## EXTRACTED DATA

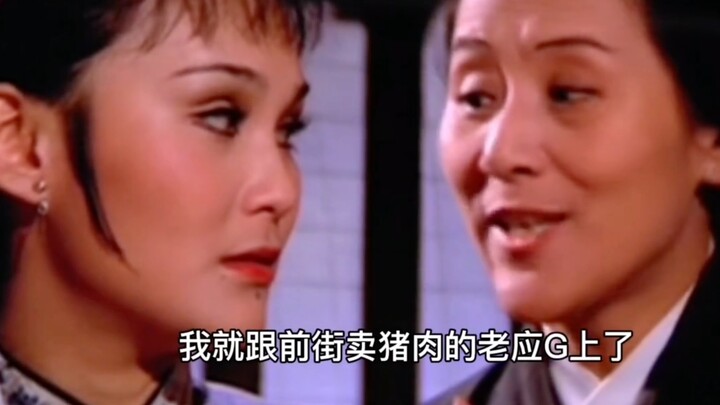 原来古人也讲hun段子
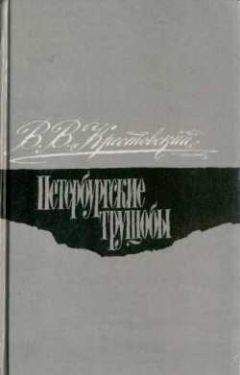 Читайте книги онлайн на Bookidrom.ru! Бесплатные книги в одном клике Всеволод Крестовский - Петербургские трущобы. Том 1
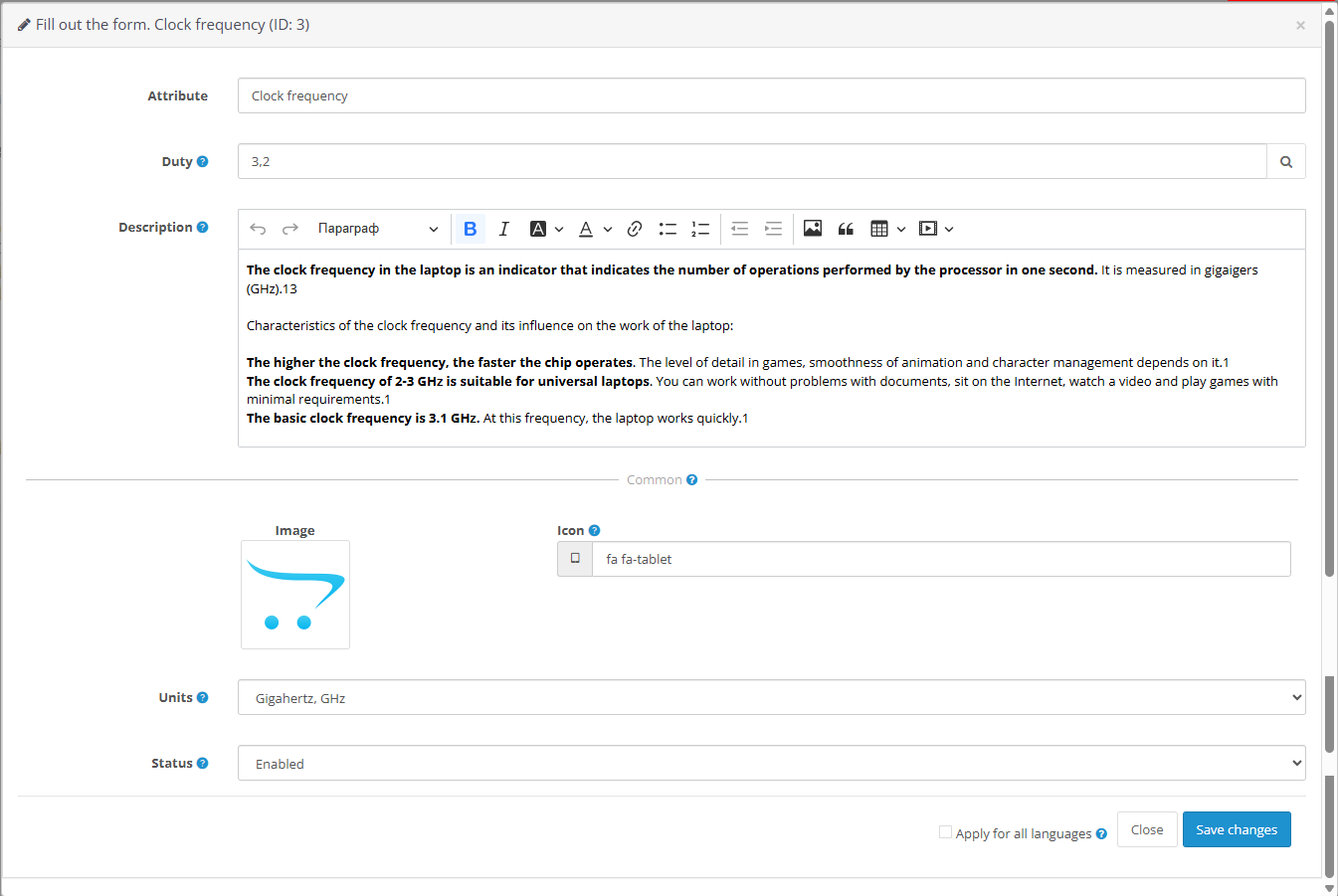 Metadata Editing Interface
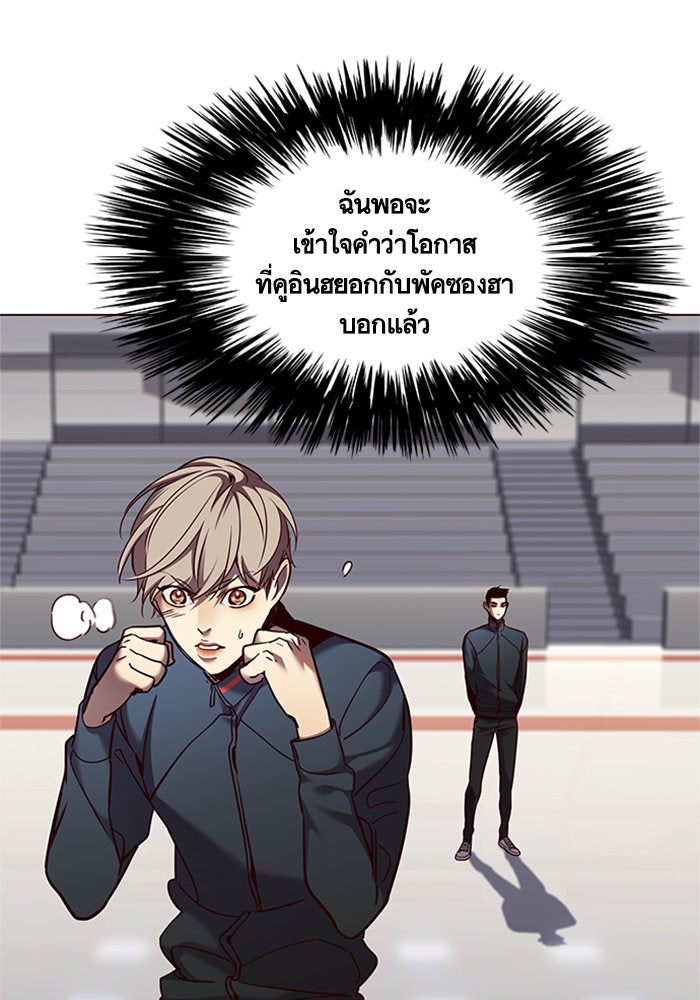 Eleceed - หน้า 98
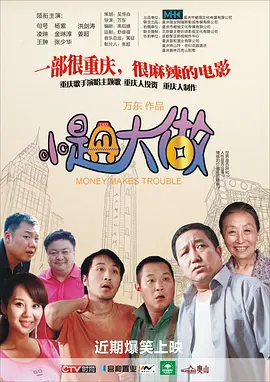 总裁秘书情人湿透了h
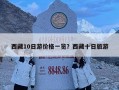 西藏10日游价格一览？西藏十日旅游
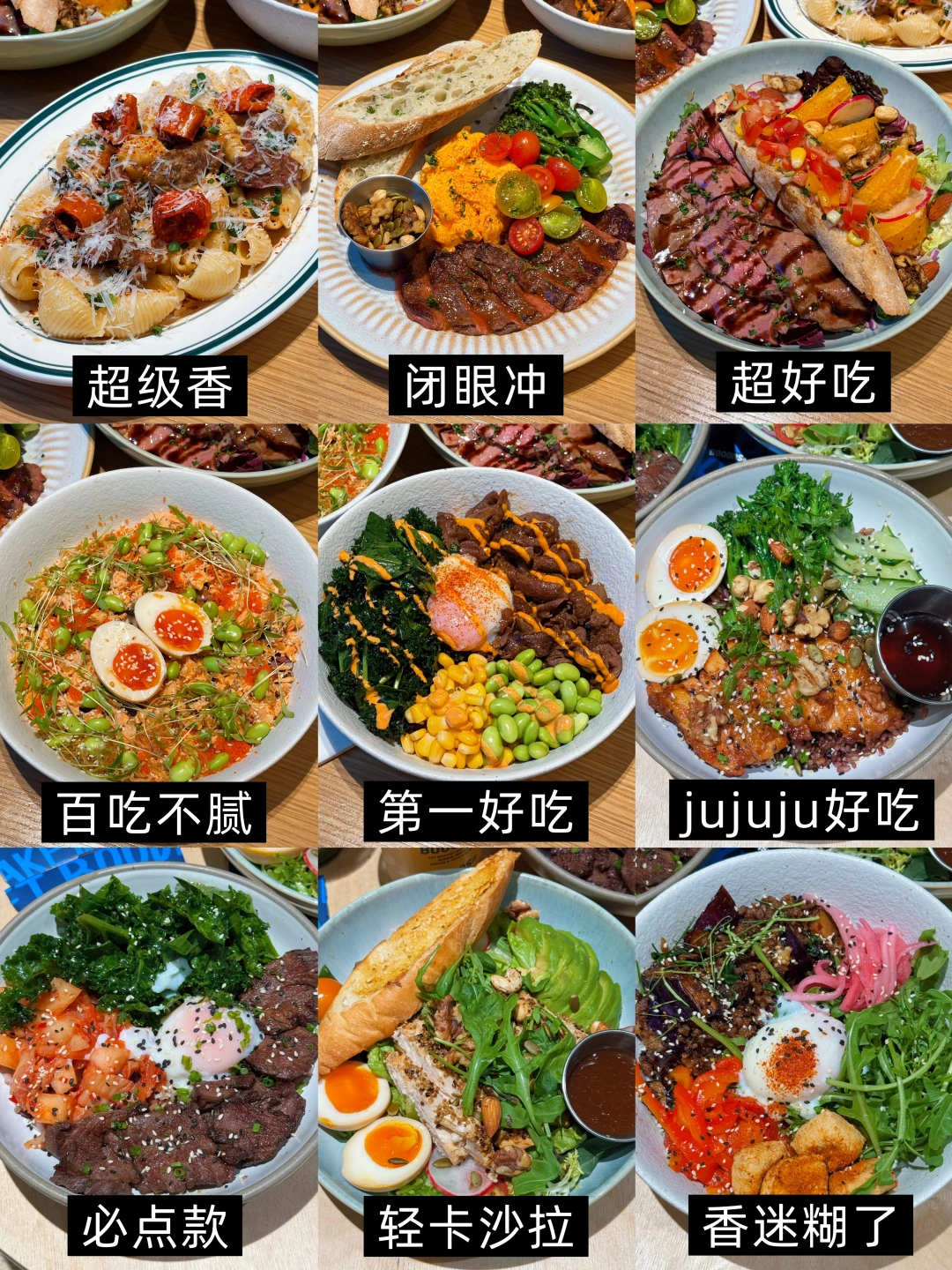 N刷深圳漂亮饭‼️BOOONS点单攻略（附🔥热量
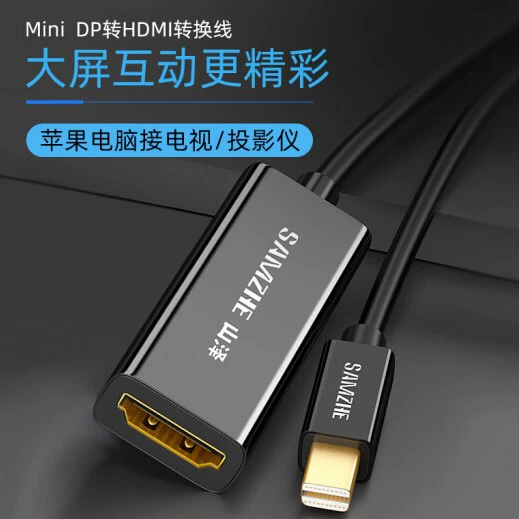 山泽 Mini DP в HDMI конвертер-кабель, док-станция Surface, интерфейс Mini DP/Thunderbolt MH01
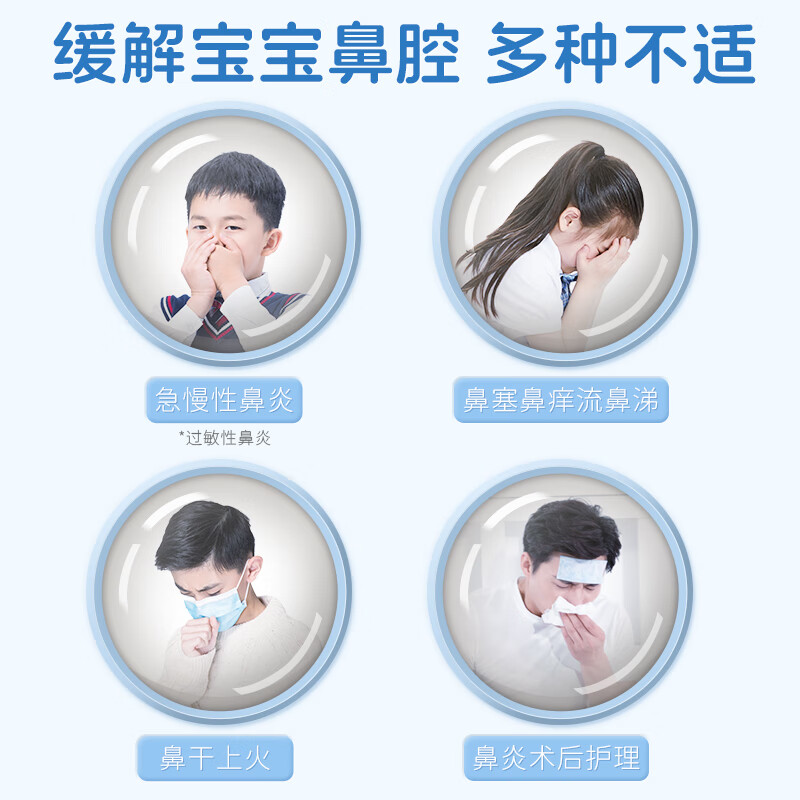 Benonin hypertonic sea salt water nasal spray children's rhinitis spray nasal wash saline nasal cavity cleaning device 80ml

## ACTIVITY
Exactly as written, please copy out the whole set of records, skipping images.

## SOLUTION
 原来古人也讲hun段子
 Читайте книги онлайн на Bookidrom.ru! Бесплатные книги в одном клике Всеволод Крестовский - Петербургские трущобы. Том 1
 Metadata Editing Interface
 Eleceed - หน้า 98
 总裁秘书情人湿透了h
 西藏10日游价格一览？西藏十日旅游
 N刷深圳漂亮饭‼️BOOONS点单攻略（附🔥热量
 山泽 Mini DP в HDMI конвертер-кабель, док-станция Surface, интерфейс Mini DP/Thunderbolt MH01
 Benonin hypertonic sea salt water nasal spray children's rhinitis spray nasal wash saline nasal cavity cleaning device 80ml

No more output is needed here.